** TASK DESCRIPTION **
Count the lines in the records below that contain the word "Slim", and give only that count.

** Records from a data source **
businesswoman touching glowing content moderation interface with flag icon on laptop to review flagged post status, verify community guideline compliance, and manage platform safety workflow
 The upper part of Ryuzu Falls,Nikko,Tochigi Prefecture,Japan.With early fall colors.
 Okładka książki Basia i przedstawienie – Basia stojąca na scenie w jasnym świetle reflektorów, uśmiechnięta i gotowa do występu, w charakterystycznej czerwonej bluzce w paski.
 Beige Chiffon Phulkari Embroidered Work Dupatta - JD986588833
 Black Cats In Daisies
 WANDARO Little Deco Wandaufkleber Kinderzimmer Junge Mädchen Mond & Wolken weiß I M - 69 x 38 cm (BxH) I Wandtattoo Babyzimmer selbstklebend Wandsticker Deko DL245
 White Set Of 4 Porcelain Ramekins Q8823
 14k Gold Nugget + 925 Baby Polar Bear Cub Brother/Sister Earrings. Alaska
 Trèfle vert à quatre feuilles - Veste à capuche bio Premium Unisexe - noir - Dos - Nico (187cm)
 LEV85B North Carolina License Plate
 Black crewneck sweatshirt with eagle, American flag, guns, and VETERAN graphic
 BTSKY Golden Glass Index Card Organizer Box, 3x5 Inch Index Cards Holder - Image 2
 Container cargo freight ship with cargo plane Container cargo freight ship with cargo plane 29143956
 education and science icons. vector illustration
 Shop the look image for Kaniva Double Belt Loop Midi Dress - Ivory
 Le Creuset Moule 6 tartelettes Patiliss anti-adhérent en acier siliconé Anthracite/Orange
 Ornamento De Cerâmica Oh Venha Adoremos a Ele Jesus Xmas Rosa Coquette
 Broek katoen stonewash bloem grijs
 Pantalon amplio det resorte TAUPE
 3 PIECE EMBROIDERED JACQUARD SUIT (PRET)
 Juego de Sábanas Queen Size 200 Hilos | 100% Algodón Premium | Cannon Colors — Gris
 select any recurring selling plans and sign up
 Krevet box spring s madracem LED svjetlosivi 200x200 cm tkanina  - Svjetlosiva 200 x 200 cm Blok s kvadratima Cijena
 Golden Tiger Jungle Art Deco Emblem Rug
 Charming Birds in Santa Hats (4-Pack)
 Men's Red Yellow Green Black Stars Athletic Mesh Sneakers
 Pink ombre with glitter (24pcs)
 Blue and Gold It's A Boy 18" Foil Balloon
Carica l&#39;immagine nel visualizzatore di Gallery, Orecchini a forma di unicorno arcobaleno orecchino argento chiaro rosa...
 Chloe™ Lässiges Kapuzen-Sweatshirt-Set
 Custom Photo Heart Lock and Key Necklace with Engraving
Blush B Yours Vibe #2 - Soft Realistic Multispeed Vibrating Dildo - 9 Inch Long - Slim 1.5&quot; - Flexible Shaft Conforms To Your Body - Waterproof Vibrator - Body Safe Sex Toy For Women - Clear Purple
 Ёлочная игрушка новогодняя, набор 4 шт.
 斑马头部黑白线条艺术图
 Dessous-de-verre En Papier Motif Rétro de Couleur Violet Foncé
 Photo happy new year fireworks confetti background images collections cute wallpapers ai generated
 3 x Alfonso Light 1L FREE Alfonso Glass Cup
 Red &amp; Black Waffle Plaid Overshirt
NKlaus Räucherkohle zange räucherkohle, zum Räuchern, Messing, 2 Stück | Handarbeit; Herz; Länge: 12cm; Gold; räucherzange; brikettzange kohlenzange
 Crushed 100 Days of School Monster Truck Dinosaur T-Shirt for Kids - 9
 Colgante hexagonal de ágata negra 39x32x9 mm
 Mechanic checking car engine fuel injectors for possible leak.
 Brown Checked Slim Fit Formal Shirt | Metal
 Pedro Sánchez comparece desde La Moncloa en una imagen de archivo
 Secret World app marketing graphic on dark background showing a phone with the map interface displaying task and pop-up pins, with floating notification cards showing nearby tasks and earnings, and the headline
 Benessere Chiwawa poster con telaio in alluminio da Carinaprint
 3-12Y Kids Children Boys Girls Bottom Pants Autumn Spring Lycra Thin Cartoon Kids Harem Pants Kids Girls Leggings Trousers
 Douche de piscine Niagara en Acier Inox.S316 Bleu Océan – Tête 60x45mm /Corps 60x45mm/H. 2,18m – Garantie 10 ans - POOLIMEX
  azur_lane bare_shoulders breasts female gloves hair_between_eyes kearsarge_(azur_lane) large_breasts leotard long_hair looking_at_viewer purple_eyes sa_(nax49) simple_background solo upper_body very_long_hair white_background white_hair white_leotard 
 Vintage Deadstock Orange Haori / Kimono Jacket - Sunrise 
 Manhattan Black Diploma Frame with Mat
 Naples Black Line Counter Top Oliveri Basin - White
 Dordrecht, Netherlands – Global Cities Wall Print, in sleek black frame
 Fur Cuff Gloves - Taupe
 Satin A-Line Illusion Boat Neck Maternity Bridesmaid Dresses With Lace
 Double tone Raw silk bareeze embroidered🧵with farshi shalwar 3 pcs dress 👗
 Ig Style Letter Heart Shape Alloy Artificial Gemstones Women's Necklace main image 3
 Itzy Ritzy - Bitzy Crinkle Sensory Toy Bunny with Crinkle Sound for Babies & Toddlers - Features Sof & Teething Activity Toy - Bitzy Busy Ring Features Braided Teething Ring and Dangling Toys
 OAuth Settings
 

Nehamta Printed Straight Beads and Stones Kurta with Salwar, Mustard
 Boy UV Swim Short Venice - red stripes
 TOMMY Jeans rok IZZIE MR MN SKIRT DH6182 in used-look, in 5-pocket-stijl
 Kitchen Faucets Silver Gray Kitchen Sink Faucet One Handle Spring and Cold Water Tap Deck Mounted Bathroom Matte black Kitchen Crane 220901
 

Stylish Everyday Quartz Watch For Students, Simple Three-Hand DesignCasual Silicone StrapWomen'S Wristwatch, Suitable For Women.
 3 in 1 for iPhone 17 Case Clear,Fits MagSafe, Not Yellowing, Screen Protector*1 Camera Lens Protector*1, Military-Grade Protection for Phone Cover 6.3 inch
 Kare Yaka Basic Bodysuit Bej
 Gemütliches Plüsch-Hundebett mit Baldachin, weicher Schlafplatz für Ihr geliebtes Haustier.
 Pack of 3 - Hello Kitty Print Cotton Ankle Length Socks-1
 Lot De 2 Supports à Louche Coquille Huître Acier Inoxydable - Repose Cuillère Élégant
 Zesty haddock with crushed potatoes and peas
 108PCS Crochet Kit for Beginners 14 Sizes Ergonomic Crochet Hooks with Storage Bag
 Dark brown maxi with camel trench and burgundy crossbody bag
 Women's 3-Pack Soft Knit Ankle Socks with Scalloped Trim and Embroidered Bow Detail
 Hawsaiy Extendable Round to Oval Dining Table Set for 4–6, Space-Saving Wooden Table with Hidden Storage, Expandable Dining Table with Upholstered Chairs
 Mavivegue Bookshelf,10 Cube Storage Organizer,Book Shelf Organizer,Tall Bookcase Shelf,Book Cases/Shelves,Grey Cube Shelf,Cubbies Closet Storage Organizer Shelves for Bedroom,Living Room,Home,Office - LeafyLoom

** ANSWER FOR THE TASK **
2